The uniform approach used across the three countries presents a unique opportunity to compare and contrast the experience of CB in different countries. This comparison is of particular interest, because a MEASURE Evaluation-wide capacity building policy that promotes this same process—an assessment followed by action planning—was recently enacted for all CB efforts.

The purpose of this report is to provide insight into strategies for CB for resilient health systems, by documenting and comparing the experience of capacity assessment followed by strategic planning in Guinea, Sierra Leone, and Liberia. Information was gathered from key informant interviews with MEASURE Evaluation staff and supplemented by an extensive desk review of MEASURE Evaluation’s internal documentation.

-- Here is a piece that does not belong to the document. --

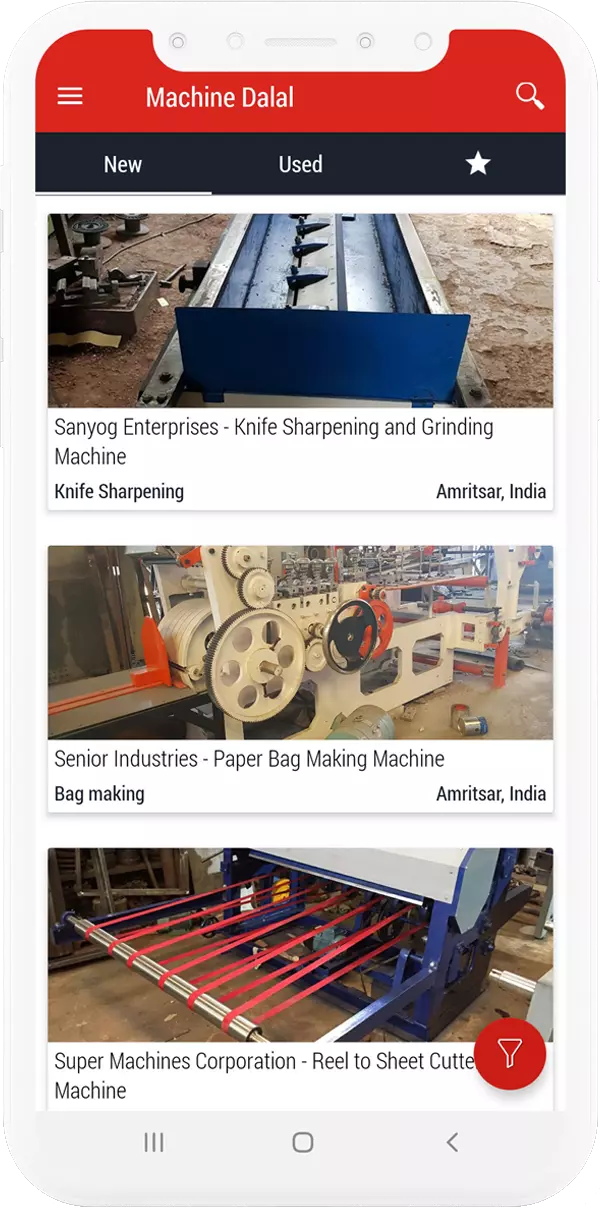Machine Dalal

Lessons learned consisted of insights into the importance of assessing and planning for CB, the value of stakeholder engagement within that process, ideas for planning for the transition of responsibilities from MEASURE Evaluation to the ministry of health, the need for realistic scopes of work, and the value of implementing such an intervention during a time of crisis. Implementing an assessment of the health information system—including both system and staff capacity—in each country allowed the rest of the process to be tailored to that country’s needs. This allowed for each country to plan for systematic CB going forward.

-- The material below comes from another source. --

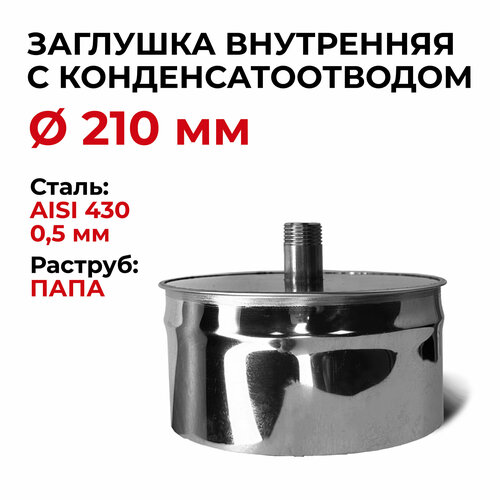 Заглушка для ревизии с конденсатоотводом 1/2 внутренняя папа D 210 мм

By engaging stakeholders throughout the process, these strategic plans are more likely to find champions in the countries and to be implemented after MEASURE Evaluation’s activities end. Different transition experiences in each country imparted valuable knowledge about various aspects of these handoffs. These experiences were part of a larger lesson involving intervention in a time of crisis. Crisis situations present urgent staffing challenges and role changes are needed to address emergent issues quickly. This type of instability can make any intervention difficult to implement, but is especially challenging for CB efforts that rely on the presence of specific people within a health system in order to move forward.

These lessons provide important information to guide future CB efforts. The importance of systematic CB—including assessment and planning—further validates best practices at MEASURE Evaluation and elsewhere. Given the global focus on human resources for health—of which CB is an important part—and health systems strengthening, we hope that these insights will also be of use outside of the project.